Task objective:
Every line below that holds the string "them" should be copied out.

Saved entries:
==========

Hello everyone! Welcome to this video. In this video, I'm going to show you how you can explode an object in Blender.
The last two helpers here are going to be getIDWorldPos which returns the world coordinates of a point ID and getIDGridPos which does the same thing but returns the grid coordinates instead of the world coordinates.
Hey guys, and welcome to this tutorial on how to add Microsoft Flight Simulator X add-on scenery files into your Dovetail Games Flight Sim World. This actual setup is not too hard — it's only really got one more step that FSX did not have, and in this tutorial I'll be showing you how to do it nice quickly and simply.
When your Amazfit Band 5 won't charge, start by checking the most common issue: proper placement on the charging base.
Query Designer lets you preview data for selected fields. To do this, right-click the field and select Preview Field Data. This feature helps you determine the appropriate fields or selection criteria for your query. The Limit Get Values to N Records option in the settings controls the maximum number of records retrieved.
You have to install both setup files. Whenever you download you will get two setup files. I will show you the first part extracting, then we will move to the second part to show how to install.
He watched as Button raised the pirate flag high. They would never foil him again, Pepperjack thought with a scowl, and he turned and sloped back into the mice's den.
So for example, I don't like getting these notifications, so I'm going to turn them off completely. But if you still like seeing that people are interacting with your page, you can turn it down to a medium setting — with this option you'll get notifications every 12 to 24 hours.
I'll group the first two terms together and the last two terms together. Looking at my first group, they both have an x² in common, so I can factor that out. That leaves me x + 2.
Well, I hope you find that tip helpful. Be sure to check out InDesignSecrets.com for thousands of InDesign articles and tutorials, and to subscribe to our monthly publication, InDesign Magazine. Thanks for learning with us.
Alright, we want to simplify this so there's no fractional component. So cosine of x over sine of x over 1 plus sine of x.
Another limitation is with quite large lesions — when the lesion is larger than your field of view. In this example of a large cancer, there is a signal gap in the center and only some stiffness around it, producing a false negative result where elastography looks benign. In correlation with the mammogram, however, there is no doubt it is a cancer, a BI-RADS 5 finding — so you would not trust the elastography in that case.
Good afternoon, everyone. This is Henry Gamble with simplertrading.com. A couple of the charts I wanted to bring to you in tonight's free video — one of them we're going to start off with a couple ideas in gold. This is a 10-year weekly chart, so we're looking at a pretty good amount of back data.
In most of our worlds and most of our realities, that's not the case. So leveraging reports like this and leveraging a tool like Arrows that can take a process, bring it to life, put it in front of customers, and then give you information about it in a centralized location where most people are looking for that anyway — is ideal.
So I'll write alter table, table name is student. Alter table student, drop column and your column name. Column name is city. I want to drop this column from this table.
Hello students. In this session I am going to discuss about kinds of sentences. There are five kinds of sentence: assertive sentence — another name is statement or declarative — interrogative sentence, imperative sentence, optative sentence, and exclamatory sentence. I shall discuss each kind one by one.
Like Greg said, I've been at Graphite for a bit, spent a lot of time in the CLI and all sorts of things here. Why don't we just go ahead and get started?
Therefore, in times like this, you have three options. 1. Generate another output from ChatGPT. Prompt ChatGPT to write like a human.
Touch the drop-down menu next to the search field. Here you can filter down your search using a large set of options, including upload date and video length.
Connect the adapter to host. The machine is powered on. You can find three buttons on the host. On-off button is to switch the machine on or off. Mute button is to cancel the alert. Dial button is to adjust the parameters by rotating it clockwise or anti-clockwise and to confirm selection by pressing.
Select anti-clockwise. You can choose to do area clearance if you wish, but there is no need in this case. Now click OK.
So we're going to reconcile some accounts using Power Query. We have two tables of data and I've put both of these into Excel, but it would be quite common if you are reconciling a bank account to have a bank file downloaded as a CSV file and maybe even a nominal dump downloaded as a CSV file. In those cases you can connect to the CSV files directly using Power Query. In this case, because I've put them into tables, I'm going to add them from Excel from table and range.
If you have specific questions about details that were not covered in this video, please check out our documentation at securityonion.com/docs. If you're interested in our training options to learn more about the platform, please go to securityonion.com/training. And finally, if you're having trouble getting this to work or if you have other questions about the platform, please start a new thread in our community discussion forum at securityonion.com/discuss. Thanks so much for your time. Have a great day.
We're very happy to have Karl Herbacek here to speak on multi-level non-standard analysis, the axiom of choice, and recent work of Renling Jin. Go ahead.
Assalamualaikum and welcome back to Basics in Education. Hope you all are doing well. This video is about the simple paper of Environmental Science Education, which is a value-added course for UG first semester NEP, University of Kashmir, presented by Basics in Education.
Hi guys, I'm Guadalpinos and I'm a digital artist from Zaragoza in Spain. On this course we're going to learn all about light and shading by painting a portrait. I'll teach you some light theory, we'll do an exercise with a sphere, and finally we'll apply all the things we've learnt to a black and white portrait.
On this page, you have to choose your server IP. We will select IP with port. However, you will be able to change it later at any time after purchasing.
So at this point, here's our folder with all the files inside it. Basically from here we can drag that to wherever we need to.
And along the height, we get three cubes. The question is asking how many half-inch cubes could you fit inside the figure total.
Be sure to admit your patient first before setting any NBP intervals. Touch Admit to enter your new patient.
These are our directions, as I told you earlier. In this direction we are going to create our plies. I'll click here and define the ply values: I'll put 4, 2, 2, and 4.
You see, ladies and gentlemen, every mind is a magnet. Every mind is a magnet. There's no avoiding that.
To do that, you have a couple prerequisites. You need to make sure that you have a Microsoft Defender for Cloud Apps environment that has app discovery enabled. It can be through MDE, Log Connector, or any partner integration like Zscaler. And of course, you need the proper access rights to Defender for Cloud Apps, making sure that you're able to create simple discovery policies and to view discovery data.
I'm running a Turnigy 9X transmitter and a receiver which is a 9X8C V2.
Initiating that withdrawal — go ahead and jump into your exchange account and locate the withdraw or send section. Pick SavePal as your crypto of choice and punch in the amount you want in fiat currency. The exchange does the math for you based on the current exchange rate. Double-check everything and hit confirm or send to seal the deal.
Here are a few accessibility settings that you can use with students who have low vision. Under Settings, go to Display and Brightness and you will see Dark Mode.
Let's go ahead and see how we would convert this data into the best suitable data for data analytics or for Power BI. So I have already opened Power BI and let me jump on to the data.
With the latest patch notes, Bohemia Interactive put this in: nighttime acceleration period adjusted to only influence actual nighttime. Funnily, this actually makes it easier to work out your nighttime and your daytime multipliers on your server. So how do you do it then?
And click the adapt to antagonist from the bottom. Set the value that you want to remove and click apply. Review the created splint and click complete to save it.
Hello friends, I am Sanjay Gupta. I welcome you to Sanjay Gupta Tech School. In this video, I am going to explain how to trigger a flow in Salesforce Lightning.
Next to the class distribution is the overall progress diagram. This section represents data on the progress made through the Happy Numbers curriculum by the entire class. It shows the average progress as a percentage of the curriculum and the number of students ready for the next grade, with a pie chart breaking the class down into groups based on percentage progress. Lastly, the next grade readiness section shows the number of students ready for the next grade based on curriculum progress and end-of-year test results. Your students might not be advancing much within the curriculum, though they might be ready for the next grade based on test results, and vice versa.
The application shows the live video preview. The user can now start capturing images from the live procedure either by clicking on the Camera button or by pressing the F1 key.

==========

Written reply:
So for example, I don't like getting these notifications, so I'm going to turn them off completely. But if you still like seeing that people are interacting with your page, you can turn it down to a medium setting — with this option you'll get notifications every 12 to 24 hours.
Good afternoon, everyone. This is Henry Gamble with simplertrading.com. A couple of the charts I wanted to bring to you in tonight's free video — one of them we're going to start off with a couple ideas in gold. This is a 10-year weekly chart, so we're looking at a pretty good amount of back data.
So we're going to reconcile some accounts using Power Query. We have two tables of data and I've put both of these into Excel, but it would be quite common if you are reconciling a bank account to have a bank file downloaded as a CSV file and maybe even a nominal dump downloaded as a CSV file. In those cases you can connect to the CSV files directly using Power Query. In this case, because I've put them into tables, I'm going to add them from Excel from table and range.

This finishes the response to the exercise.